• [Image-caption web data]
--*--

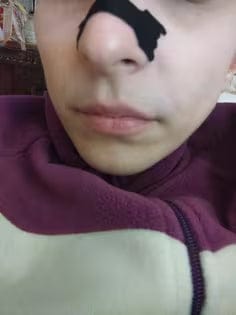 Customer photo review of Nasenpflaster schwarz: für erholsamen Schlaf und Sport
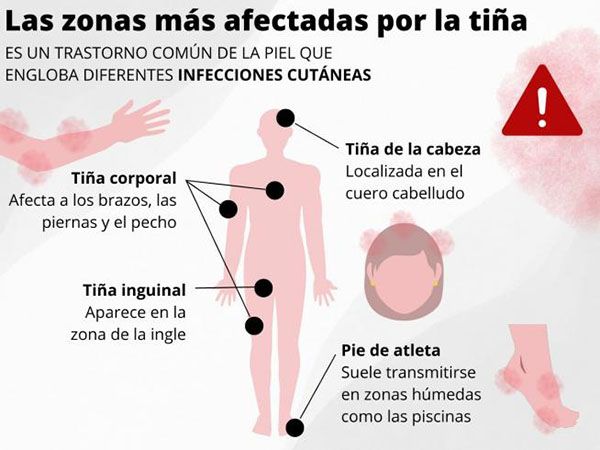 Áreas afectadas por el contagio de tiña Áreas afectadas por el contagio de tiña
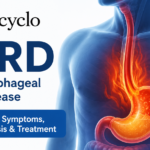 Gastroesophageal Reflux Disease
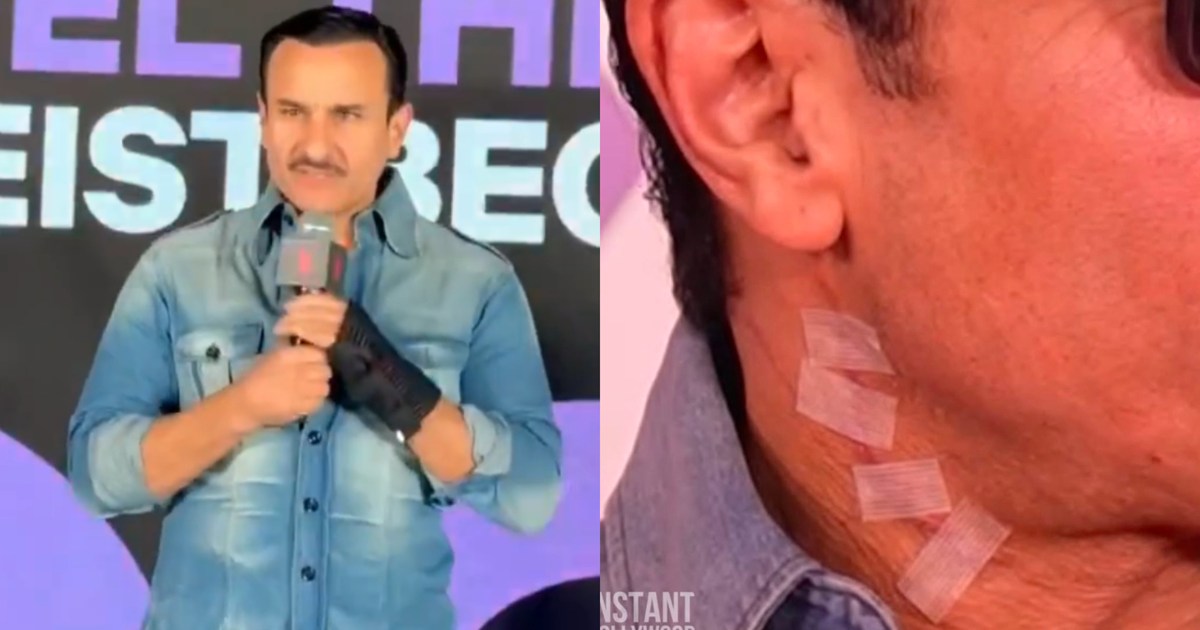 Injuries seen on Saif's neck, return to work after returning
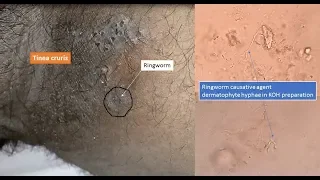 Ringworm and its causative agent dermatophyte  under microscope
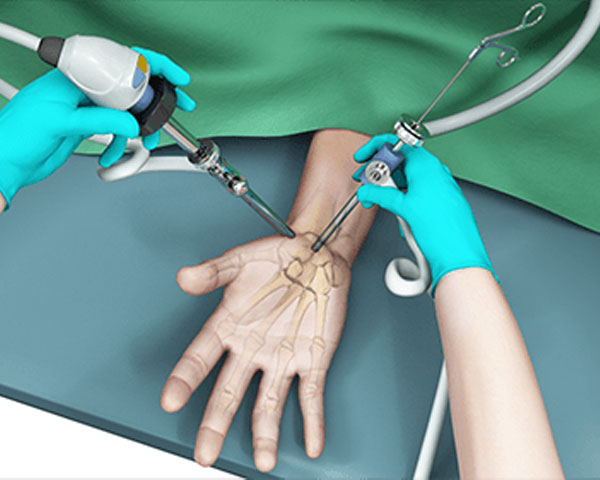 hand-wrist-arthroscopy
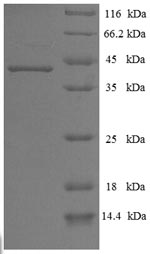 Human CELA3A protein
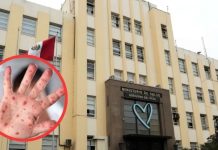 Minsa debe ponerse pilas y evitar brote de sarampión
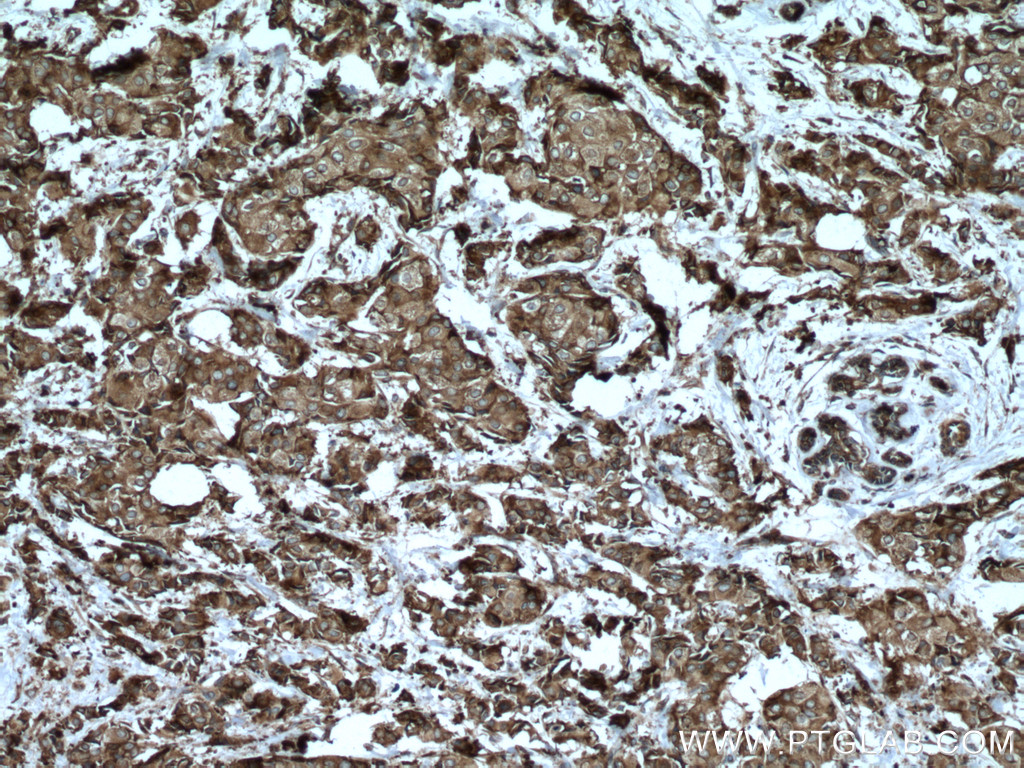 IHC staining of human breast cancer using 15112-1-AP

--*--

The copy should hold every entry above word for word and none of the pictures.

• [Solution below]
 Customer photo review of Nasenpflaster schwarz: für erholsamen Schlaf und Sport
 Áreas afectadas por el contagio de tiña Áreas afectadas por el contagio de tiña
 Gastroesophageal Reflux Disease
 Injuries seen on Saif's neck, return to work after returning
 Ringworm and its causative agent dermatophyte  under microscope
 hand-wrist-arthroscopy
 Human CELA3A protein
 Minsa debe ponerse pilas y evitar brote de sarampión
 IHC staining of human breast cancer using 15112-1-AP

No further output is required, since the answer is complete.